PROVIDED MATERIAL
________________________
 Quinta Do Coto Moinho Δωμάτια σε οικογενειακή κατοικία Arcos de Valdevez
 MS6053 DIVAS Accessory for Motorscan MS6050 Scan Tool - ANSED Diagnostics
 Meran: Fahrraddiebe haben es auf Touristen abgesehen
________________________
THE PROBLEM
Copy out the material above in full.

EXERCISE SOLUTION
 Quinta Do Coto Moinho Δωμάτια σε οικογενειακή κατοικία Arcos de Valdevez
 MS6053 DIVAS Accessory for Motorscan MS6050 Scan Tool - ANSED Diagnostics
 Meran: Fahrraddiebe haben es auf Touristen abgesehen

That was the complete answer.